A metal cube measuring 1.50 cm on a side has a mass of 38.3g. Will this cube float or sink in mercury: your calculations must support your answer.
Calculate the density of the metal and see if it is less that that of mercury. The density of mercury should be looked up. It is about 13.6 g/cm^3, as I recall.
If the density of the metal is less than 13.6 g/cm^3, it wil float.
38.3/1.50
To determine whether the metal cube will float or sink in mercury, we need to compare the density of the cube with the density of mercury.
Density is defined as the mass of an object divided by its volume. Therefore, we need to calculate the density of the cube.

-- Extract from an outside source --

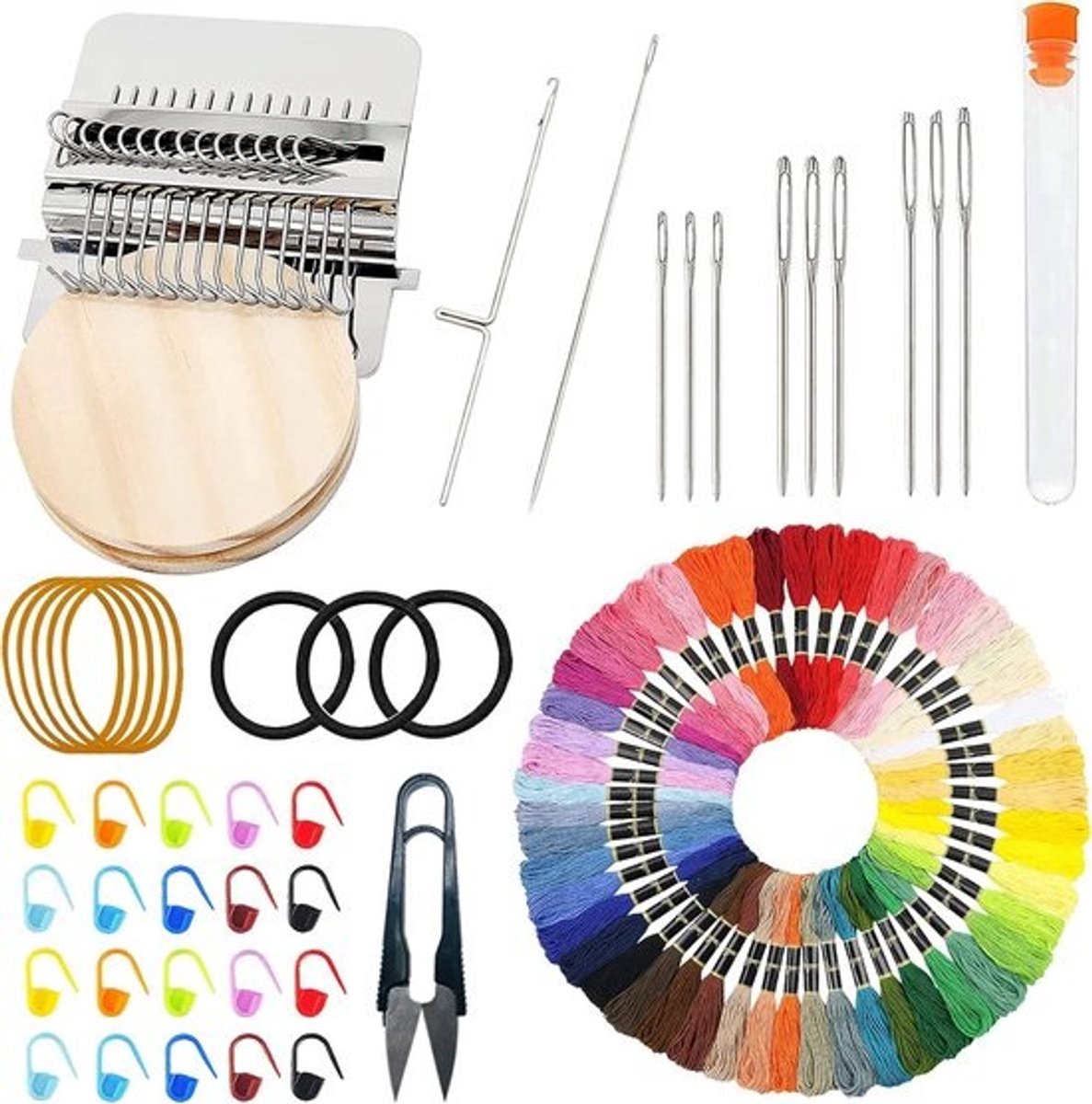 Mini Weefgetouw Reparatie Set met 50 Kleuren Draad voor Kleding Herstellen en Patronen Maken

First, let's calculate the volume of the cube. Since it is a cube, all sides have the same length, which is given as 1.50 cm. The volume of a cube is calculated by cubing the length of one side.

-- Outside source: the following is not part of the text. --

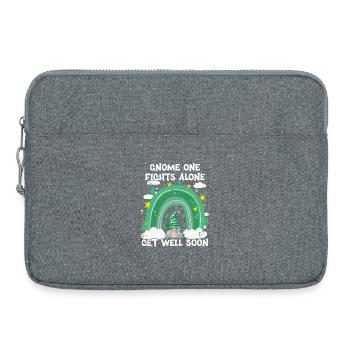 Gnome One Fights Alone Liver Cancer - Laptop bag 15" - heather grey - Front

Volume of the cube = (1.50 cm)³
Now let's convert the length to meters, as density is typically expressed in kg/m³.
1 cm = 0.01 m
Length of the cube in meters = 1.50 cm * 0.01 m/cm
Now we can calculate the volume of the cube in cubic meters:
Volume of the cube = (1.50 cm * 0.01 m/cm)³
Next, we'll calculate the mass per unit volume, which is the density of the cube:
Density of the cube = mass of the cube / volume of the cube
Density of the cube = 38.3 g / [(1.50 cm * 0.01 m/cm)³]
Now let's compare the density of the cube with the density of mercury.
The density of mercury is approximately 13,600 kg/m³.
If the density of the cube is greater than the density of mercury (13,600 kg/m³), it will sink. If the density of the cube is less than the density of mercury, it will float.
Now, with the formula and calculation provided, you can substitute the values and perform the calculations to determine whether the cube will float or sink in mercury.